- Opening Delimiter -

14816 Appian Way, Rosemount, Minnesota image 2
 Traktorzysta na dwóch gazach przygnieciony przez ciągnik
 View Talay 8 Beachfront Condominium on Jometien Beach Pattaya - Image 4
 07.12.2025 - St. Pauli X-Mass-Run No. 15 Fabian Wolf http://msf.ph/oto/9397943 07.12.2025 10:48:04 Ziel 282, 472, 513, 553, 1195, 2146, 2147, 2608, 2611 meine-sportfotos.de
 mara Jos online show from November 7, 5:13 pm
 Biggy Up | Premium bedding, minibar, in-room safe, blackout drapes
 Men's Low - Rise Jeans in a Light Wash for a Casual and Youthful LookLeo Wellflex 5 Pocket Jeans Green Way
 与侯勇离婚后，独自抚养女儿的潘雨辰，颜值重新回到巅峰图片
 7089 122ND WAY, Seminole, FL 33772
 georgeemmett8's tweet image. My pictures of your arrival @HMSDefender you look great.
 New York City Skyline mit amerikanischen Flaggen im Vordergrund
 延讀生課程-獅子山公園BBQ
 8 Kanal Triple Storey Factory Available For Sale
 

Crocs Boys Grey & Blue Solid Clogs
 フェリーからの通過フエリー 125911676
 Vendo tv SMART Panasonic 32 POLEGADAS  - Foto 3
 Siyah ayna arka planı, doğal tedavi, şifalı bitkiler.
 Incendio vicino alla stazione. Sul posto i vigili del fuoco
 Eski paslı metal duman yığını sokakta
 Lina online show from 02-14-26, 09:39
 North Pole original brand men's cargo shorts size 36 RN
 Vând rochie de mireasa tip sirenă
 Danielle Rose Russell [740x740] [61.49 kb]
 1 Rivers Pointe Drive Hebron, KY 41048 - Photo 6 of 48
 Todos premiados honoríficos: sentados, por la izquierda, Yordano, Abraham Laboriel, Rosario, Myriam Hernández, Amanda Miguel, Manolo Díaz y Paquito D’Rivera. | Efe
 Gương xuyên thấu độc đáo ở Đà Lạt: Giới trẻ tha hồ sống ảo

- Closing Delimiter -

» **Required action**:
Copy out the lines from the line containing "Vendo tv SMART" to the end of the listing above, without alteration.

» **Problem solution**:
 Vendo tv SMART Panasonic 32 POLEGADAS  - Foto 3
 Siyah ayna arka planı, doğal tedavi, şifalı bitkiler.
 Incendio vicino alla stazione. Sul posto i vigili del fuoco
 Eski paslı metal duman yığını sokakta
 Lina online show from 02-14-26, 09:39
 North Pole original brand men's cargo shorts size 36 RN
 Vând rochie de mireasa tip sirenă
 Danielle Rose Russell [740x740] [61.49 kb]
 1 Rivers Pointe Drive Hebron, KY 41048 - Photo 6 of 48
 Todos premiados honoríficos: sentados, por la izquierda, Yordano, Abraham Laboriel, Rosario, Myriam Hernández, Amanda Miguel, Manolo Díaz y Paquito D’Rivera. | Efe
 Gương xuyên thấu độc đáo ở Đà Lạt: Giới trẻ tha hồ sống ảo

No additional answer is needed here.